Extracted information:
↓↓↓

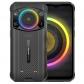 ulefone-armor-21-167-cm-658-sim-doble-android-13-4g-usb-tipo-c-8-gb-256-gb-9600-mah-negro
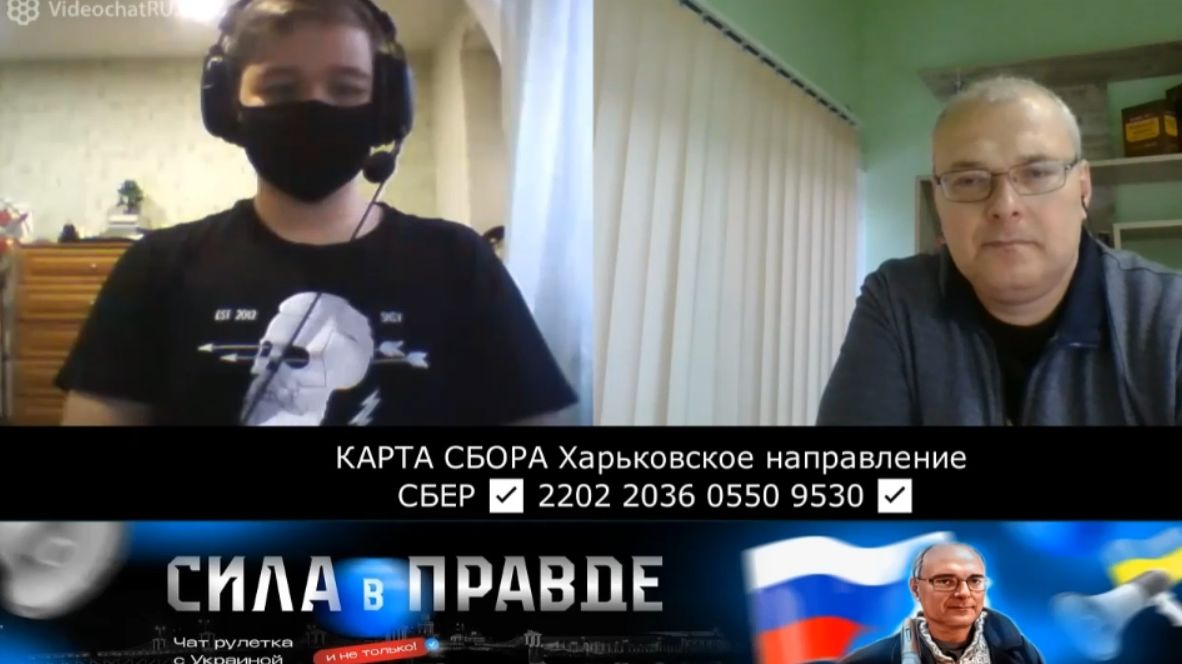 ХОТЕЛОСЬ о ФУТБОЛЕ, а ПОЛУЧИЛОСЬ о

↑↑↑
↓↓↓

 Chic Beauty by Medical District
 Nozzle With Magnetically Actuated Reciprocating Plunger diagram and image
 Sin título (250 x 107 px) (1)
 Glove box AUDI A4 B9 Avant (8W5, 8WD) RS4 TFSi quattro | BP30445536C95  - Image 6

↑↑↑
↓↓↓

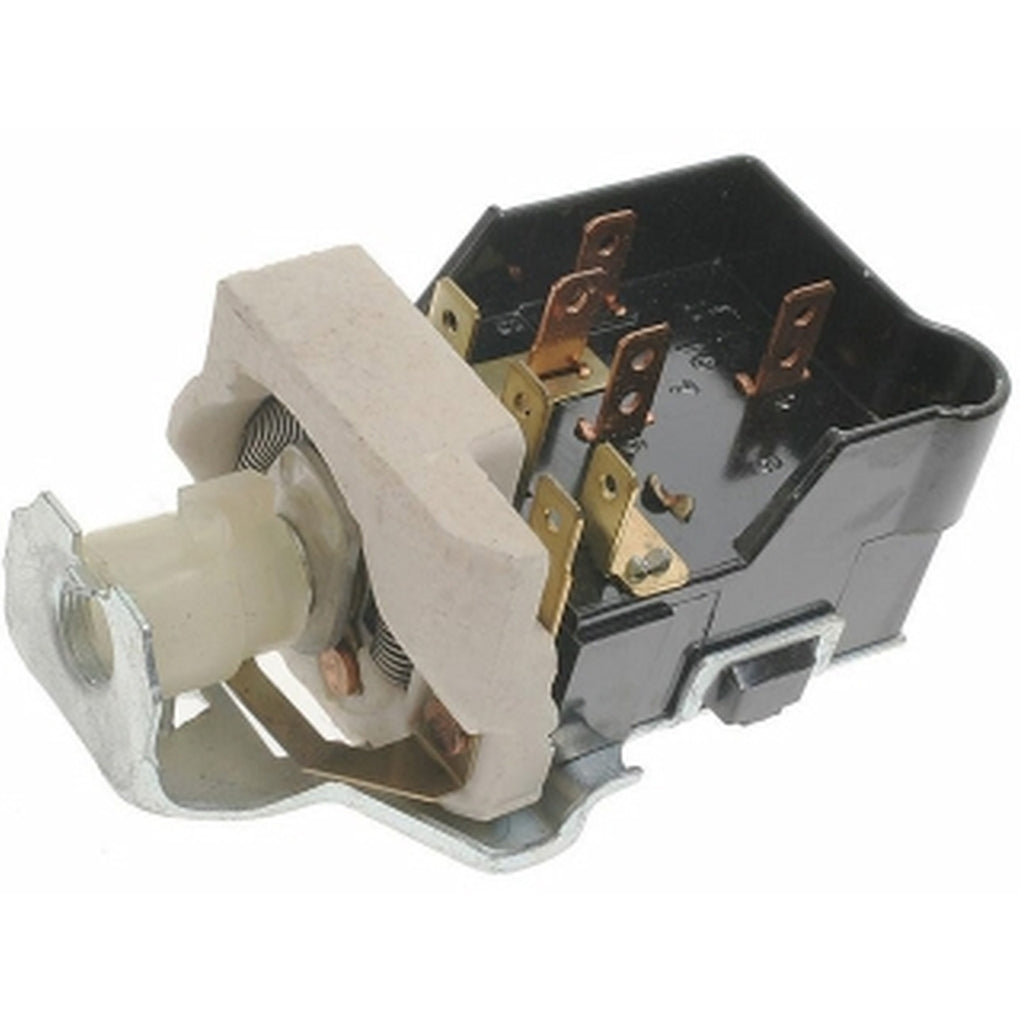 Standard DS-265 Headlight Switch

↑↑↑

Instructions to follow: In the entries above, find the line with "Nozzle With Magnetically" and the line with "Glove box AUDI", then restate word for word both of them and every line between, with nothing more.

Result:
 Nozzle With Magnetically Actuated Reciprocating Plunger diagram and image
 Sin título (250 x 107 px) (1)
 Glove box AUDI A4 B9 Avant (8W5, 8WD) RS4 TFSi quattro | BP30445536C95  - Image 6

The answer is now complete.